The same cannot be said for, say, Troy Davis, who sits on death row in Georgia for the murder of an off-duty police officer, which he insists he did not commit. Seven of the nine witnesses who identified Davis have recanted or contradicted their original testimony, which they claim was made under police coercion. One of the remaining two is also a suspect in the crime. Desmond Tutu, the pope and Jimmy Carter (all conspicuously silent on the Gates saga) have called for a new trial or evidentiary hearing. This is a matter where Obama’s involvement could tip the balance between life and death.”
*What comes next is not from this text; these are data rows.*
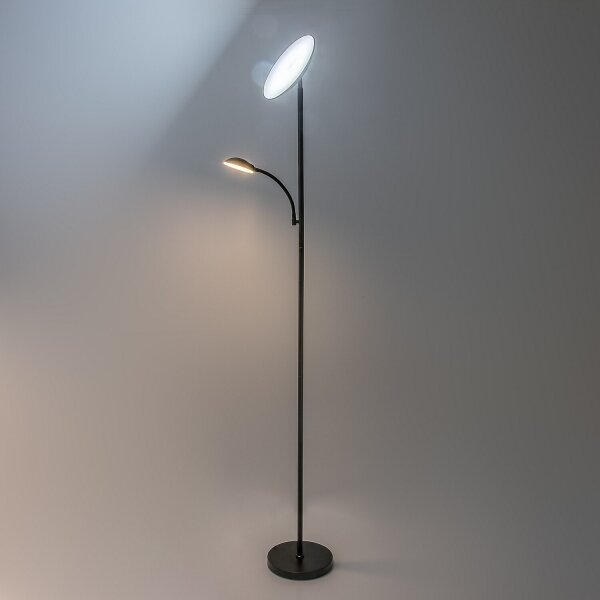 Rabalux 74084 - LED dimmerabile lampada da terra HALINA 23W/230V 3000/4200/6500 K nera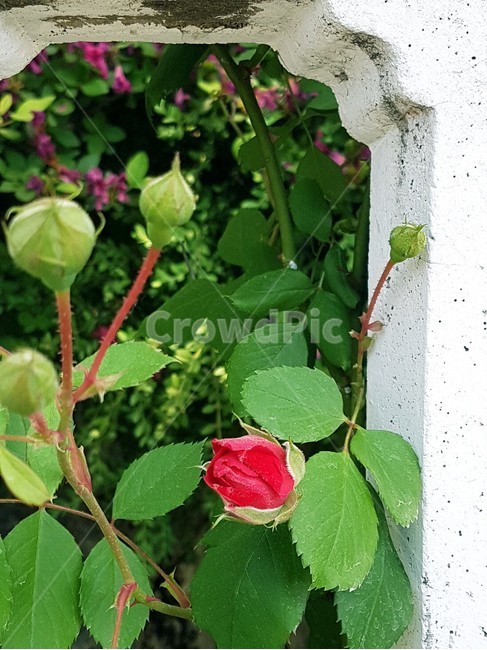 장미,들장미,꽃봉우리,정원,꽃,빨강장미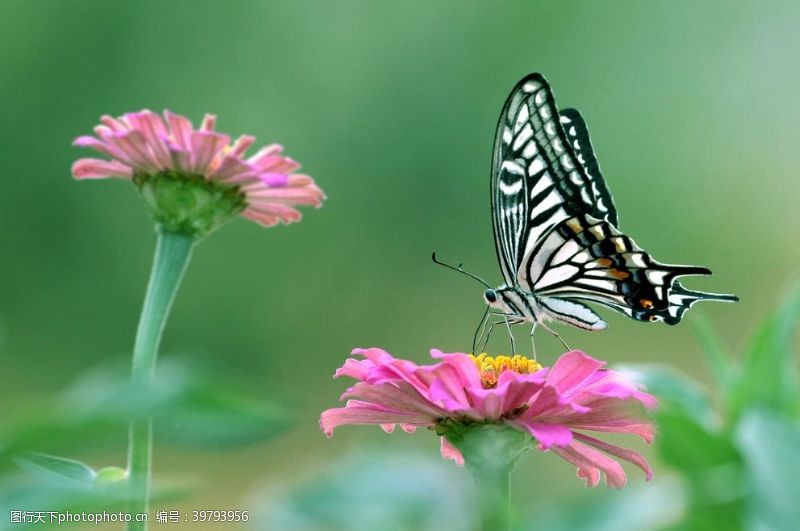 绿色主题背景美丽蝴蝶图片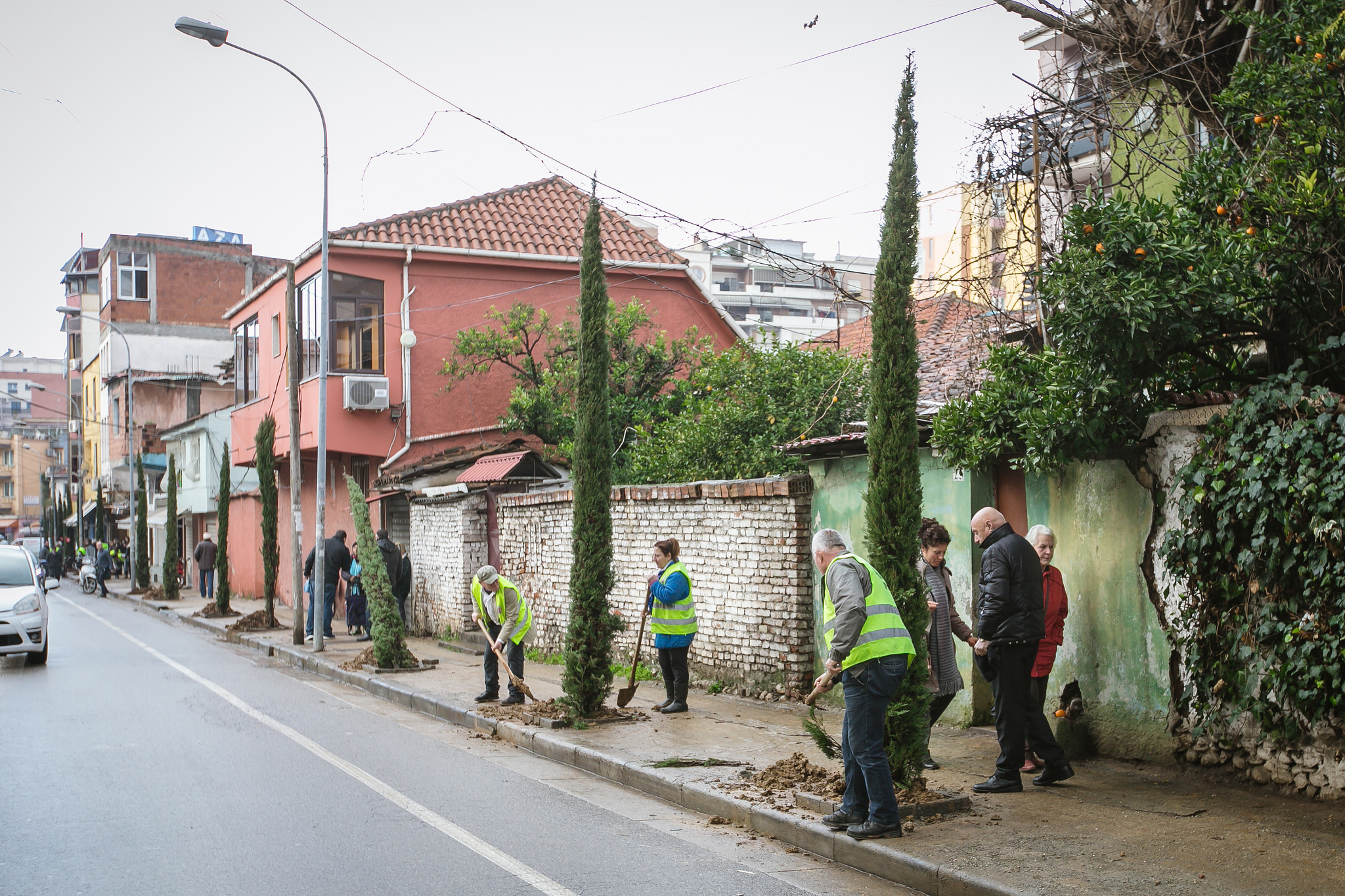FOTOT/ Rikthehet në identitet lagjja e Selvive, mbillen 150 drurë dekorativë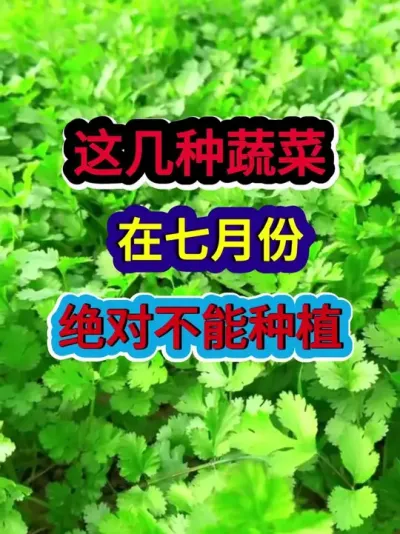 这几种蔬菜在七月份绝对不能种植 #蔬菜种植 #蔬菜种植技术 #农业种植 #种植小技巧 #分享农业知识帮农民增产增收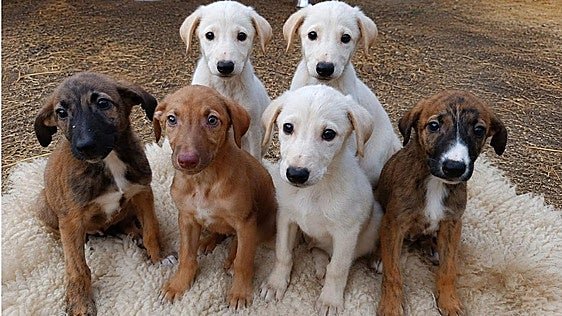 Abandonados seis cachorros de galgo a pie de carretera en plena ola de calor en Murillo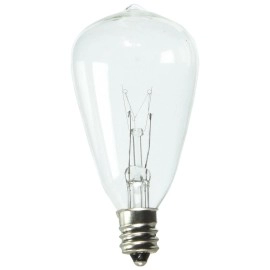 Litex Indoor/Outdoor Clear Incandescent Edison String Light Bulbs
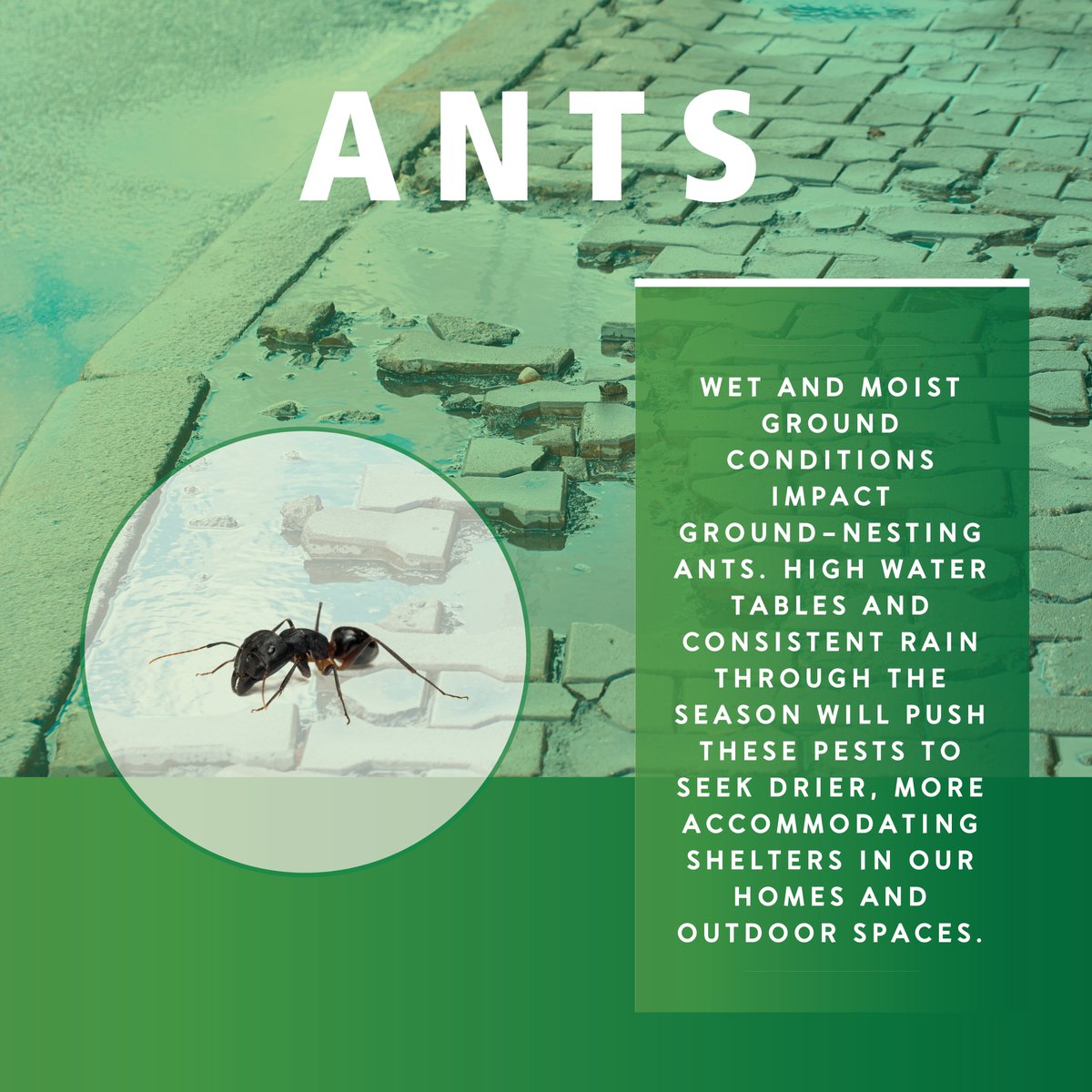 PestFreeLiving's tweet photo. Are you prepared for all that Spring rain brings along? Not only do mosquitos thrive from moisture, rain is a perfect scenario for many other pests to take shelter in your homes. https://t.co/OBkfotFaQ6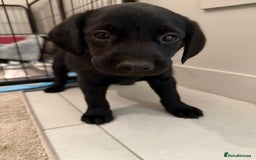 Labrador Retriever dogs for sale: Black/fox Labrador kc with 5 wks free insurance  - Image 15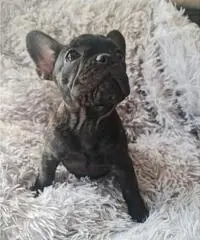 Cucciola Bouledogue Francese pedigree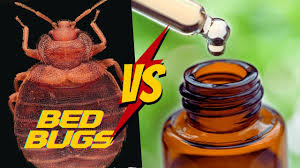 essential oils for bed bugs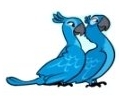 Jewel and Blu in Angry Birds Rio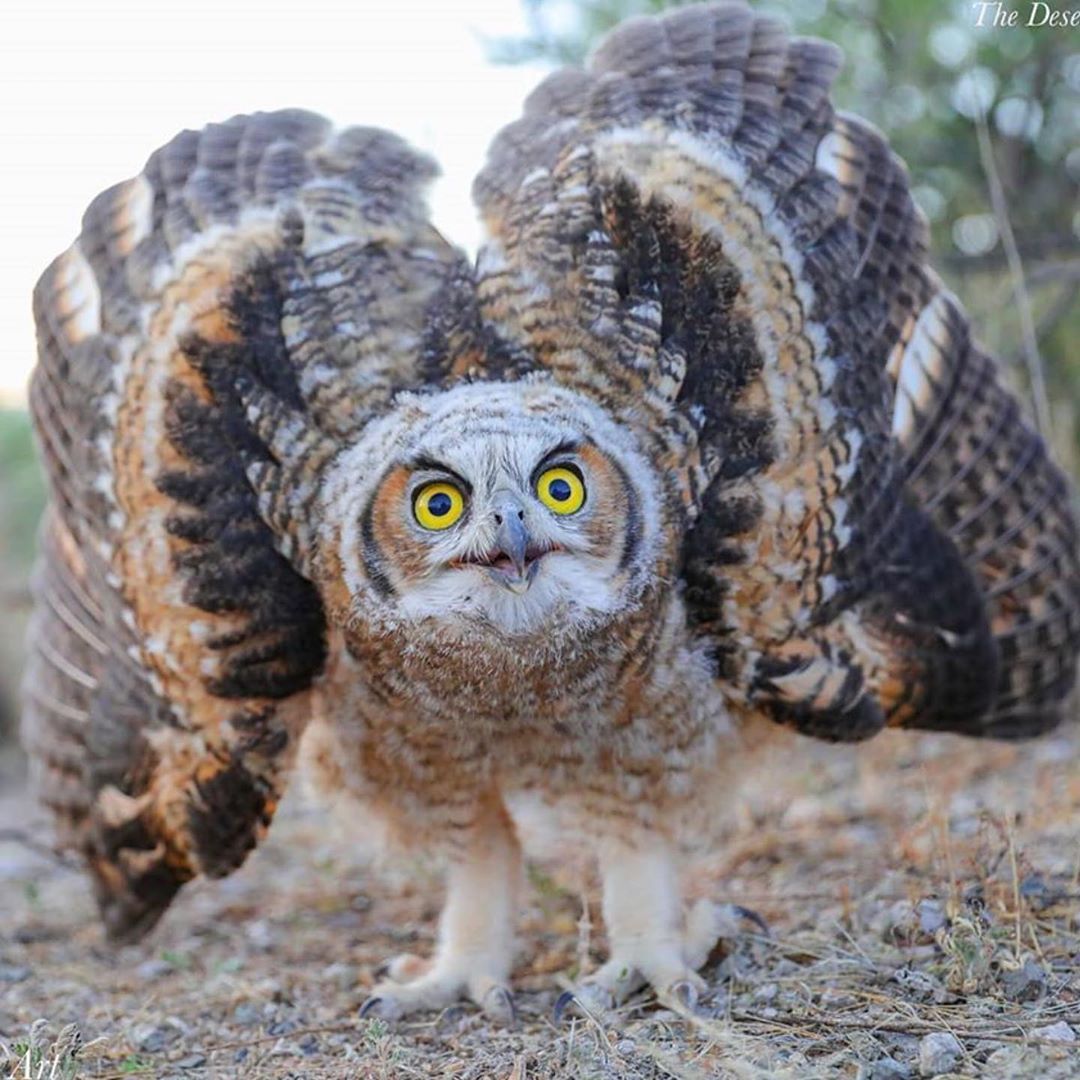 owly shorten url owly shorten url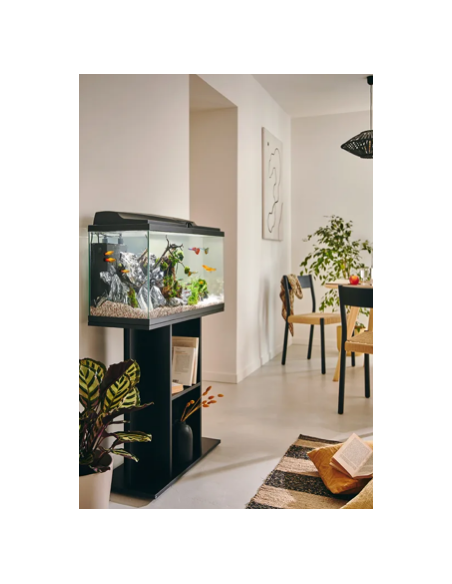 Aquarium Tropical 80 Noir 81L - Pure Family Pure Family Aquarium pour poisson d'eau froide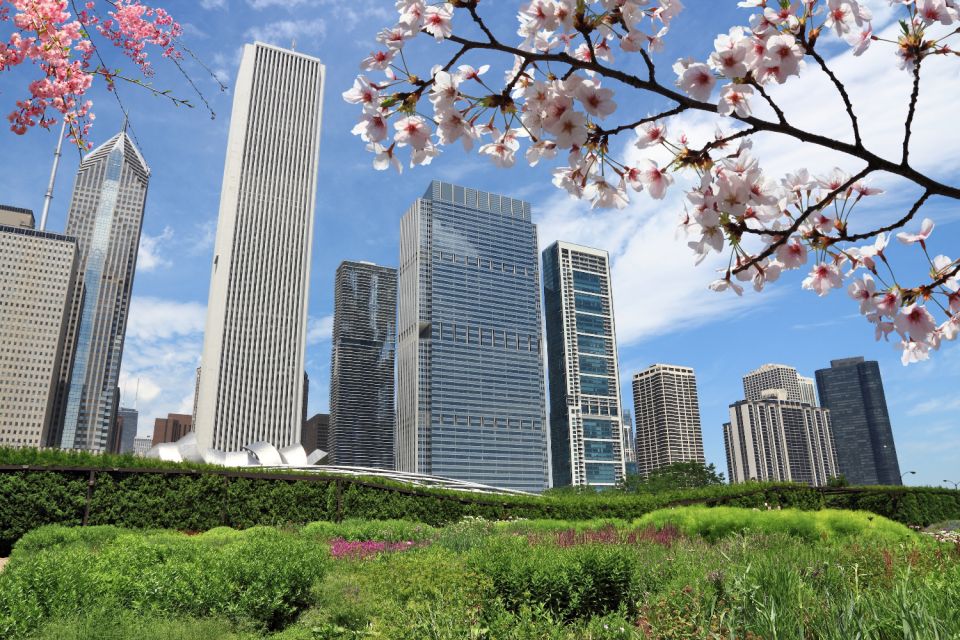 Chicago: Self-Guided Audio Walking Tour - Meeting Point Details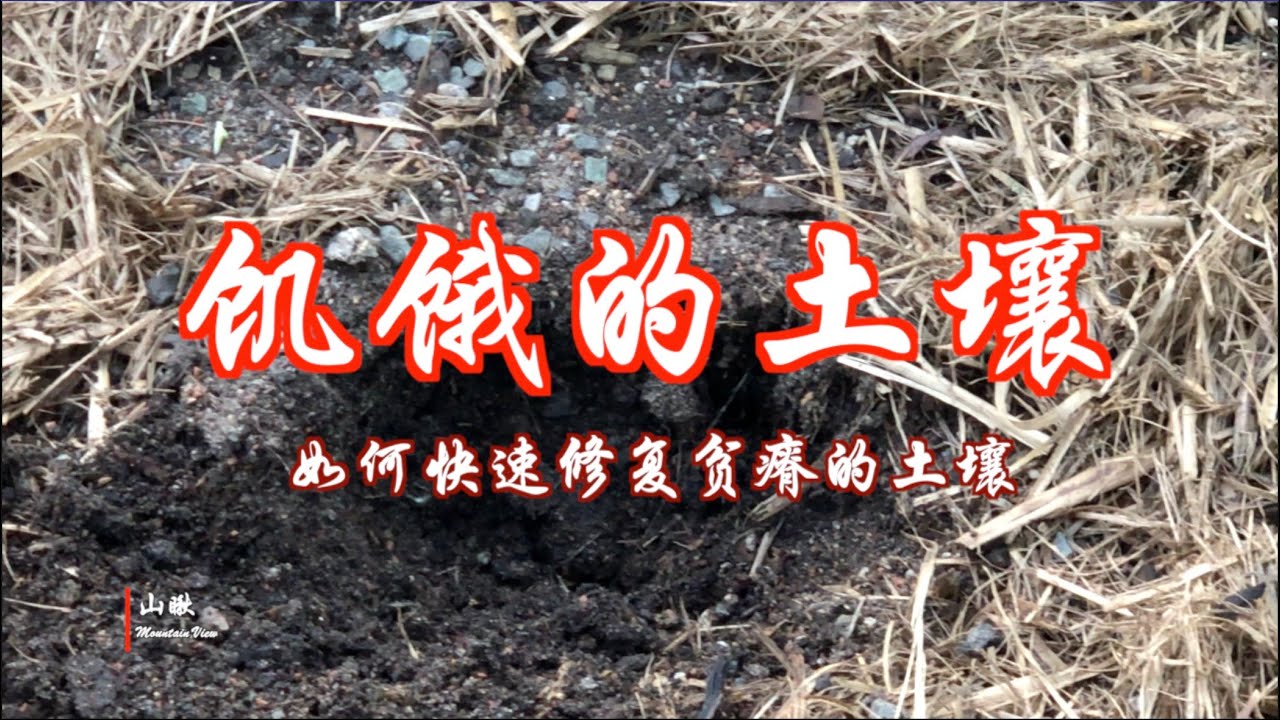 饥饿的土壤-如何快速修复贫瘠的土壤(第57期) How to rapidly improve poor soil (Ep57)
While Prof. Gates had every right to be angry about being arrested in his own home for a silly “disorderly conduct” charge (that was later dropped), there are far more cases of racial profiling and police brutality that are underreported or not reported at all. Gates’ case was fairly minor and this whole “teachable moment” charade, to me, does not mean anything. Racial profiling and police brutality will still occur in American society even after this “beer summit”. The only way to combat these injustices is for citizens to hold police accountable for any wrongdoing and abuse that occurs in their communities. In addition, rather than behaving like an occupying army, police officers should establish a friendly and sincere relationship with the communities they serve in order to protect the people who live there. But, of course, it’s going to take dedicated struggle from the masses in order to make this happen.